MOSCOW (MRC) -- Refinery output in China, the world’s second-largest oil consumer, eased from record highs in March after maintenance shutdowns offset production from a new mega refinery, reported Reuters.

Refinery throughput in March rose 3.2 percent from a year earlier to 53.04 million tonnes, or 12.49 million barrels per day (bpd), data from the National Bureau of Statistics showed on Wednesday.

For the first quarter, crude runs rose 4.4 percent on a year earlier to 155.37 million tonnes, or 12.6 million bpd.

March throughput was down from record rates in the January to February period at 12.68 million bpd.

A number of Chinese refineries, including China National Offshore Oil Corp’s Huizhou refinery and Sinopec Corp’s Changling refinery, were closed last month for maintenance, which peaks during the second quarter before demand rises in the third quarter.

But privately-run Hengli Petrochemical’s new 400,000-bpd refinery in Dalian entered full commercial operations in late March, bolstering overall throughput.

For the month, China pumped 16.54 million tonnes of crude oil or 3.89 million barrels per day, up 2.1 percent from a year ago and the highest daily level in at least a year.

The increases showed that efforts by state-run oil firms to accelerate domestic drilling paid off, halting the decline in the country’s output over the past three years.

Natural gas output last month rose 9.8 percent to 15.1 billion cubic meters (bcm), a touch below December’s record 15.3 bcm.

For the first quarter, gas production rose 9.4 percent to 44 bcm.

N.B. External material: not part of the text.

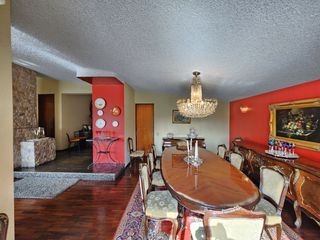 Foto 6 de Venta Casa de Amplio Jardín, Cerca a Parque. Rinconada del Lago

As MRC wrote earlier, in September 2018, China's Sinopec Corp joined a group planning to build an oil refinery in Alberta, an enterprise that would strengthen demand for the Canadian province's heavily discounted crude. State-owned Sinopec, formally known as China Petroleum & Chemical Corp, along with an Alberta indigenous group, China State Construction Engineering Corp and Alberta management company Teedrum, plan to build a refinery to process 167,000 barrels per day of crude into gasoline and other products.